An ultrasonic slitting machine (also called an ultrasonic slitting machine) is a machine that slits a wide web of material into a number of narrow rolls of material. A complete ultrasonic slitting machine is generally mainly composed of a frame, a feeding mechanism, an ultrasonic mechanism, a cutter mechanism, a winding mechanism, an electric driving mechanism, an electric control mechanism and other necessary components. The cutter mechanism which is matched with the ultrasonic waves to cut the processed material is the most important component part of the ultrasonic slitting machine, and the cutter mechanism directly determines the quality and the working efficiency of the cutting processing. The cutters adopted by the cutter mechanism of the existing ultrasonic slitting machine are classified by the shape of the cutting edge, and mainly comprise pointed cutters with punctiform cutting edges and circular cutters with circular cutting edges, such as pointed cutters adopted by Chinese patent documents with publication numbers of CN207193650U and CN115922816A and circular cutters adopted by Chinese patent documents with authorized bulletin numbers of CN 213708940U. The common problems of the prior ultrasonic slitting machine such as the cutter mechanism are that: the cutters are all 'passive cutters', namely, the cutters cannot actively move in the working process, and the cutting edges of the cutters are flat, so that the split coiled materials with laces cannot be cut.

Disclosure of Invention

The purpose of the utility model is that: the technical problem that the existing similar ultrasonic slitting machine cannot effectively cut the slit roll materials with the laces is solved by the aid of the improved structural design comprising the cutter device with the brand new structure.

The technical scheme of the utility model is as follows: the utility model relates to an ultrasonic slitting machine, which comprises a frame, a feeding device arranged on the frame and used for conveying wide materials to be slit, a winding device used for winding the slit narrow materials, an ultrasonic device comprising an ultrasonic welding head, an electric driving device used for driving the feeding device and the winding device to act, and an electric control device used for master control, and is characterized in that: the cutter device is matched with the ultrasonic welding head and used for dividing the wide material to be cut into narrow material with laces.
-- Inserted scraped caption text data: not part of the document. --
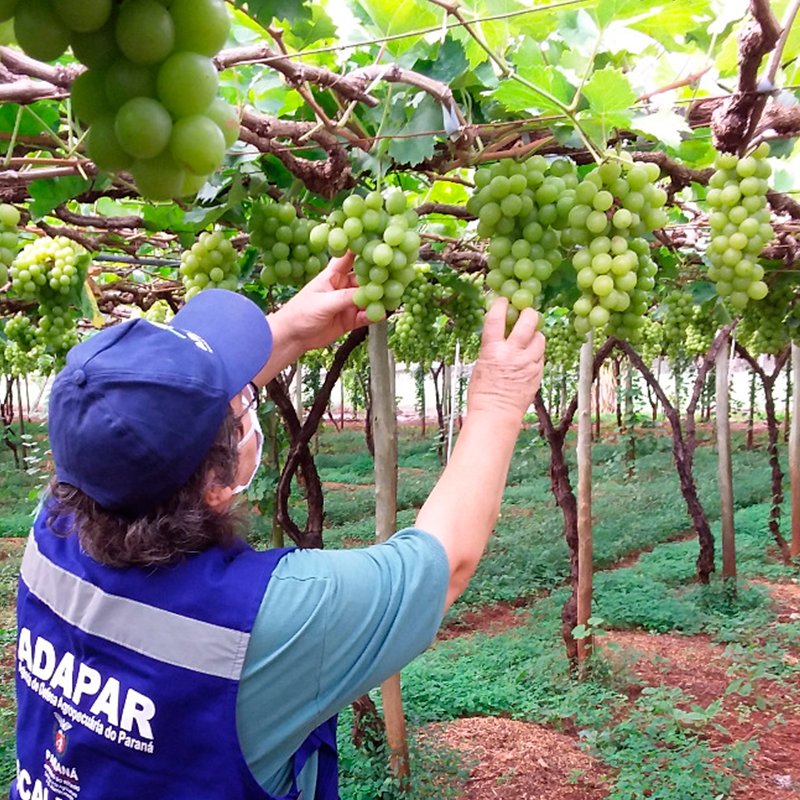 Ações de defesa vegetal garantem segurança alimentar na pandemia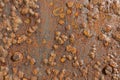 Rusted Iron Metal Surface showing texture and background.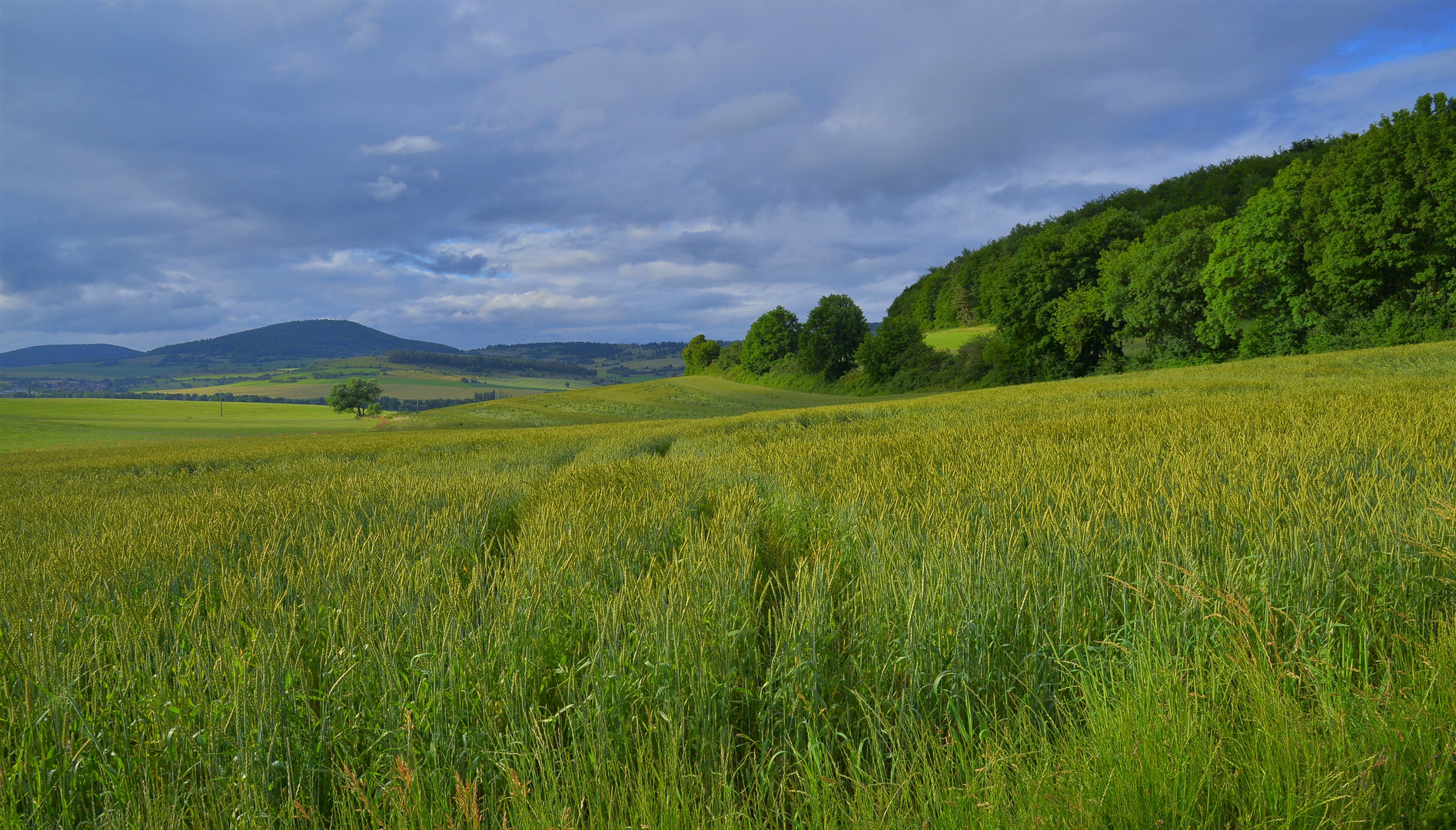 unsere schöne Landschaft, 5 (nuestro hermoso paisaje, 5) 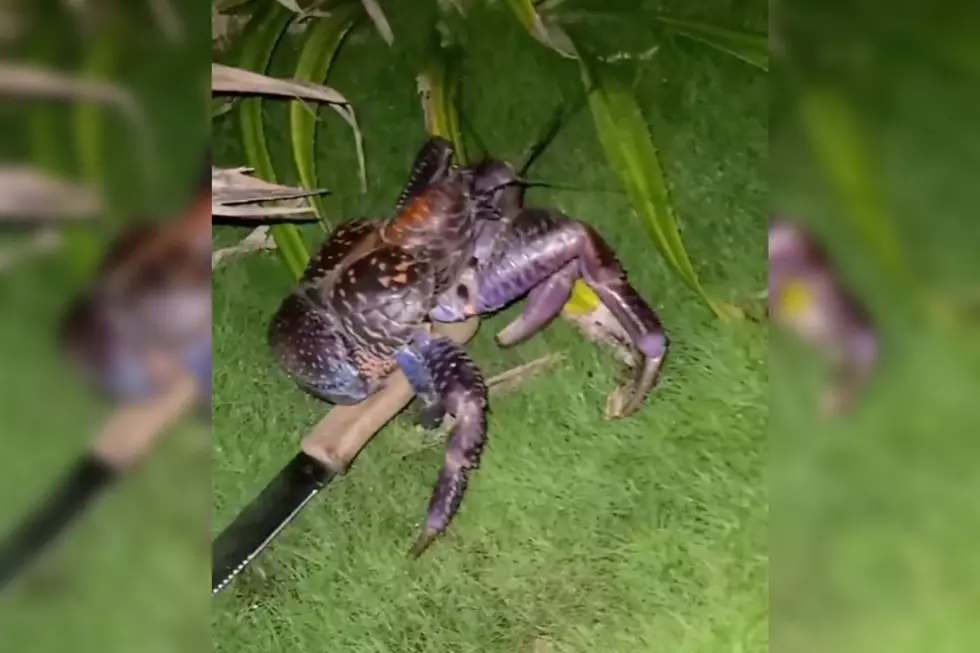 What if You Encounter a Knife-Wielding Crab in New England?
The further scheme is as follows: the cutter device comprises a cutter mounting shaft rotatably arranged on the frame, a cutter mechanism fixedly arranged on the cutter mounting shaft and a cutter driving assembly used for driving the cutter mechanism to act.

The further scheme is as follows: two ends of the cutter mounting shaft are respectively provided with a cutter shaft mounting seat provided with a bearing inside; the cutter installation shaft is fixedly arranged on two sides of the frame through two cutter shaft installation seats.

The further scheme is as follows: the feeding device comprises a power output gear; the cutter driving assembly comprises a power input gear, a first transmission gear, a second transmission gear, a rotating shaft mounting seat and a rotating shaft; the power input gear and the first transmission gear are rotatably arranged on the same side of the cutter mounting shaft, the power input gear is in transmission connection with the power output gear, the first transmission gear is in transmission connection with the power input gear, and the second transmission gear is meshed with the first transmission gear; the bearing is arranged in the rotating shaft mounting seat, one rotating shaft mounting seat is fixedly arranged on each of two sides of the cutter mounting shaft, one end of the rotating shaft is fixedly connected with an inner ring of the bearing arranged in one rotating shaft mounting seat, and the other end of the rotating shaft is fixedly connected with the inner ring of the bearing arranged in the other rotating shaft mounting seat and extends outwards to be fixedly connected with the second transmission gear.

The further scheme is as follows: the cutter mechanism comprises a mounting frame fixedly connected with the cutter mounting shaft, a movable frame pin-connected with the mounting frame, and a cutter rotatably arranged in the movable frame, wherein the cutter mechanism is used for realizing power transmission between the rotating shaft and the cutter so as to drive the cutter to rotate and is a transmission gear pair consisting of a driving gear and a driven gear.

The further scheme is as follows: the cutter mechanism further comprises a cutter head compensation spring which is arranged between the mounting frame and the movable frame and used for dynamically compensating the contact tightness between the cutter and the ultrasonic welding head.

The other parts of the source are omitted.